Problem to work on ▸ Copy word for word the lines of the records below, beginning at the one with "Velocity - 28 oz. Sports Bottle - ColorJet" and finishing at the one with "Romanzo Radicale", ends included, but none of the pictures.

Data extracts ▸
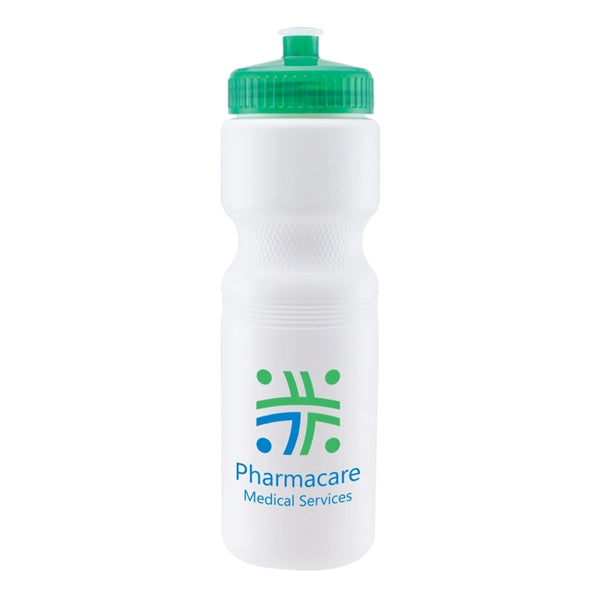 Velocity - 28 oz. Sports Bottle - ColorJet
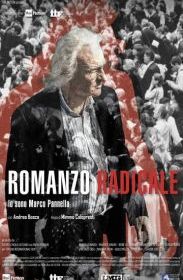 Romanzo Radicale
---
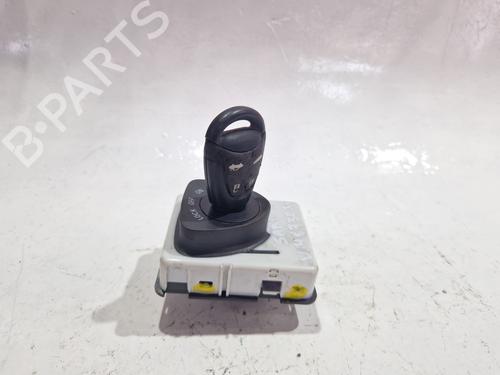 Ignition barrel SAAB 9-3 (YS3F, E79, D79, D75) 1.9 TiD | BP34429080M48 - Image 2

Result for this task ▸
 Velocity - 28 oz. Sports Bottle - ColorJet
 Romanzo Radicale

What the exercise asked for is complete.